Cependant il est impossible de trouver un accord entre les deux parties sur la région de Brčko.
Le corridor que les Serbes avaient réussi à percer dans cette zone où ils n’étaient pas majoritaires demeure encore le seul moyen de relier les deux pôles de la Republika Srpska entre eux. Cependant les dirigeants de la Fédération croato-musulmane récusent alors le droit des Serbes à conserver le corridor.

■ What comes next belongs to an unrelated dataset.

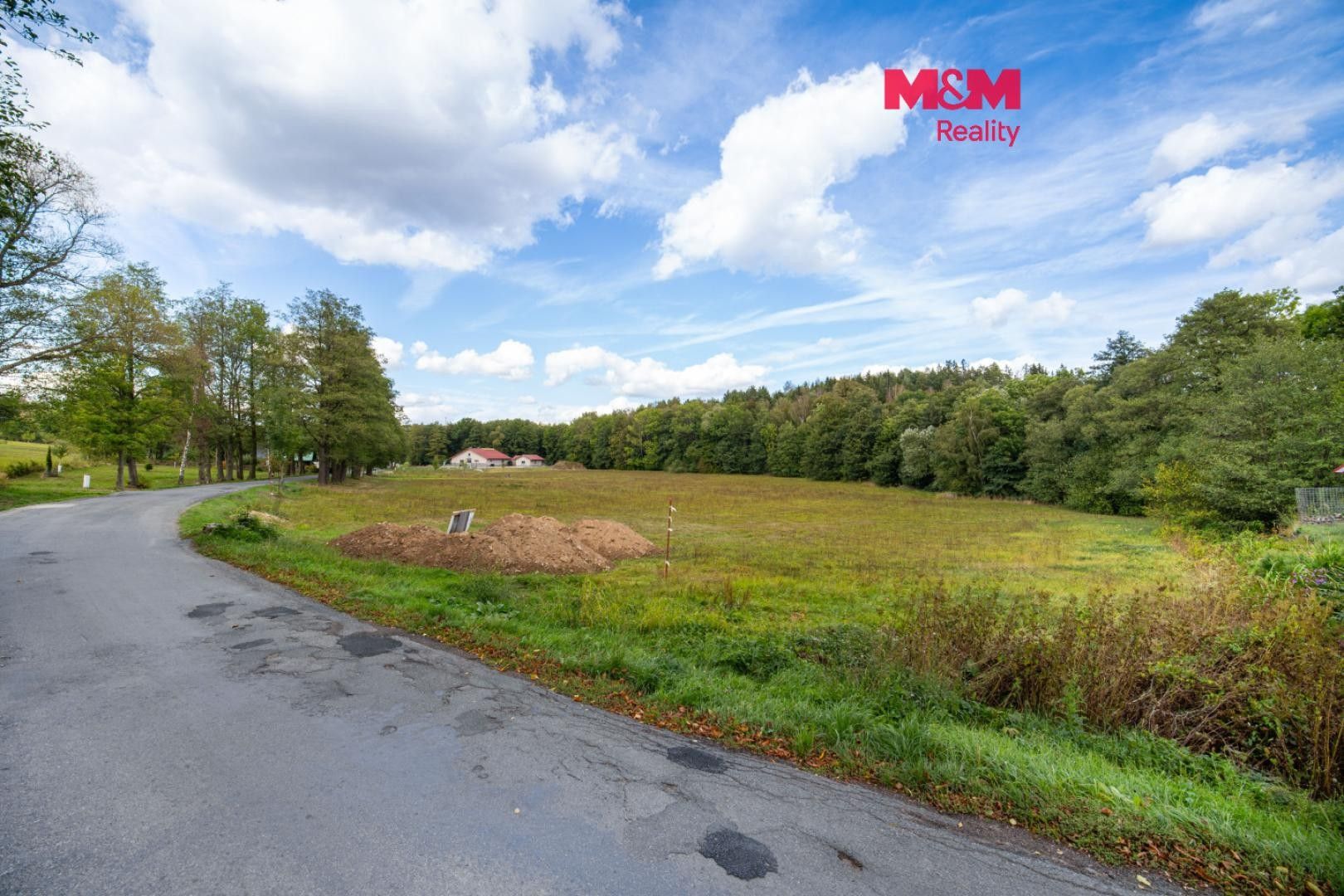 Pozemek pro bydlení, 3 734 m²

À l’issue des accords de Dayton, le corridor devait échoir à la Fédération, laissant un droit de passage au Serbes transitant notamment entre les deux portions de la Republika Srpska. On constate d’ailleurs dans l’immédiat après-Dayton un important afflux de Serbes depuis les régions bosniennes qui sont officiellement passées sous le contrôle de la Fédération croato-musulmane. Laurence Robin-Hunter explique cette migration par le fait que l’urbanisme de Brčko a été relativement épargné des destructions de la guerre, ce qui a laissé des réserves immobilières non négligeables pour les Serbes dont les maisons avaient été détruites dans d’autres régions, faisant de la cité un « Eldorado serbe » selon les mots de l’auteur.
Les problèmes se posent de manière évidente dans cette zone lors des élections, qui sont largement frauduleuses du fait des incertitudes concernant les habitants réels de la municipalité. Le lot de réfugiés et d’habitants au contraire enfuis permet de truquer aisément les scrutins, ce qui aboutit à un blocage de la vie politique de Brčko.
De manière encore plus pratique, les dirigeants serbes du corridor ont tenté de conforter leur position pour conserver le territoire au sein de la Republika Sprska. Ainsi, les forces de police ont été chargées de bloquer le trafic des bosniens qui ne possédaient pas de plaque d’immatriculation serbe. Si ces frontières parviennent à être passées, le retour des habitants croates et bosniaques de Brčko qui avaient quitté les lieux durant la guerre est entravé par une disposition légale qui a confisqué les logements vacants au profit des réfugiés serbes. Cette mesure, qui n’a rien d’exceptionnel en ex-Yougoslavie, puisqu’en Croatie également les logements abandonnés avaient été réquisitionnés par l’État pour y loger les réfugiés croates, a été un obstacle majeur, d’autant que les exilés de retour ont souvent eu droit à un accueil violent de la part des nouveaux habitants de la ville.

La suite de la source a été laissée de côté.